Podría ser el cuento de la lechera. Si se diera una gran afluencia de dinero exterior a la economía estadounidense, es razonable pensar que ello revaluaría el dólar, lo que haría más caros los activos locales, frenando, al menos parcialmente, la inversión extranjera. Pero es que, además, si el dólar se hiciera más fuerte, lo normal sería que el déficit comercial se incrementara, beneficiando las importaciones y, por tanto, al trabajo exterior.

Los republicanos han declarado formalmente que el auténtico objetivo de la reforma es aumentar la tasa de crecimiento de la economía desde el 2 por ciento al 3 o el 4. No es que ello sea excesivamente difícil, lo que no está tan claro es que tal ritmo pueda mantenerse de forma sostenida.

Algunos académicos de orientación republicana, han formalizado esta proyección económica basándose en un modelo soportado en una función de producción Cobb Douglas, cuyos supuestos son más propios de un mundo que no existe. El principal problema del modelo utilizado es que no hay una razón suficientemente solvente para suponer que unos mayores beneficios generarán nuevas inversiones en medios de producción. Hay muchos supuestos de la teoría neoclásica, respecto al comportamiento de los agentes económicos, en este caso de las empresas, que no se ven confirmados por la evidencia empírica, por lo que se convierten en auténticas falacias.

En el mundo real, las empresas invierten para expandir su negocio y para reducir sus costes. Pero aumentar la producción requiere que los empresarios confíen en el crecimiento futuro de las ventas. Si la reforma, como se prevé, termina por castigar el poder adquisitivo de las clases medias, a las que se les va a reducir sus deducciones fiscales, tanto las vinculadas a sus hipotecas, como las asociadas a los impuestos locales y estatales, el resultado será que disminuirá la demanda de consumo de los hogares. Pero es que, más allá, el importante recorte de ingresos tributarios, además de incrementar el déficit, determinará, necesariamente, una caída del gasto público, en infraestructuras -parece que este tipo de inversión ha desaparecido de la agenda económica de Trump- y, sobre todo, en gastos sociales.

¿Cómo actuará la Fed? Falta ver el comportamiento de Jerome Powell -nuevo presidente, en sustitución de Janet Yellen. Si, como sería normal, ante el nuevo escenario fiscal, decidiera, acelerar la normalización de la política monetaria, y subiera los tipos de interés más rápidamente, la revalorización del dólar podría perjudicar el crecimiento.

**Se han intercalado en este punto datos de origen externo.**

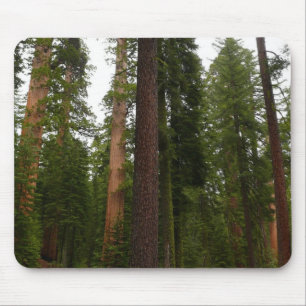 Mousepad Mariposa Grove no Parque Nacional de Yosemite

En definitiva, lo único que tenemos seguro es que la reforma elevará los beneficios empresariales de forma significativa y que los principales beneficiarios serán los accionistas. El nada sospechoso Brian Noyniham, CEO de Bank of America, ha declarado que la mayoría de esos beneficios llegarán a su destino final a través del pago de dividendos y la recompra de acciones propias por parte de las empresas, lo que también supone una retribución al accionista.

Súmenle a eso que el 40 por ciento del total de las acciones está en manos del 1 por ciento más rico de la población, y llegarán fácilmente a la conclusión de que la reforma fiscal de los republicanos es una gran noticia para los más ricos, y para nadie más. Generar más y más desigualdad es algo que no parece preocupar a los poderosos.